RECORDS PROVIDED:
============================================================

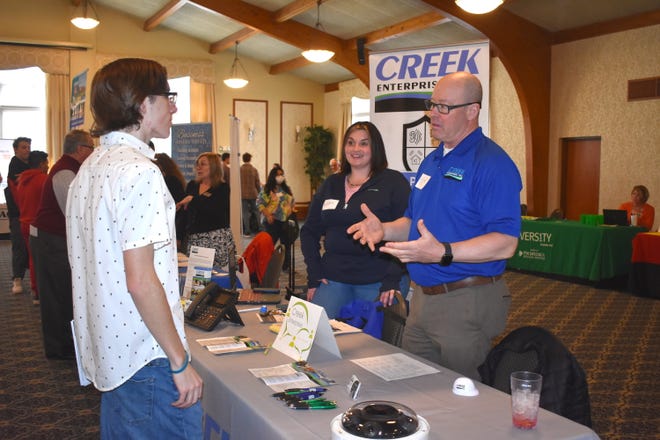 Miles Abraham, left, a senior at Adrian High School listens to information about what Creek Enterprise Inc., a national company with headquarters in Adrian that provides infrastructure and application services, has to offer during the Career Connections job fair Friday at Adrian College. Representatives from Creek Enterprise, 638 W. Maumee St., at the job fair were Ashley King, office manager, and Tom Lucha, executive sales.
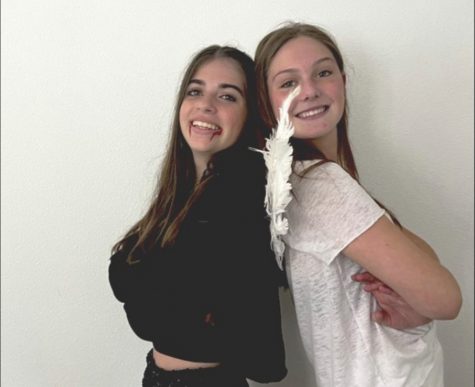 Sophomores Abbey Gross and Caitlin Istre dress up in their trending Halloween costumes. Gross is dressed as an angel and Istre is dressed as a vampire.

============================================================

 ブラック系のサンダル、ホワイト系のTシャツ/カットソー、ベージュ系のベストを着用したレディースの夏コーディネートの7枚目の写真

============================================================

DESCRIPTION OF THE TASK:
In the entries above, every line from the line with "Miles Abraham, left, a" to the line with "Sophomores Abbey Gross" is to be printed exactly, with both ends included and pictures excluded.

EXERCISE ANSWER:
 Miles Abraham, left, a senior at Adrian High School listens to information about what Creek Enterprise Inc., a national company with headquarters in Adrian that provides infrastructure and application services, has to offer during the Career Connections job fair Friday at Adrian College. Representatives from Creek Enterprise, 638 W. Maumee St., at the job fair were Ashley King, office manager, and Tom Lucha, executive sales.
 Sophomores Abbey Gross and Caitlin Istre dress up in their trending Halloween costumes. Gross is dressed as an angel and Istre is dressed as a vampire.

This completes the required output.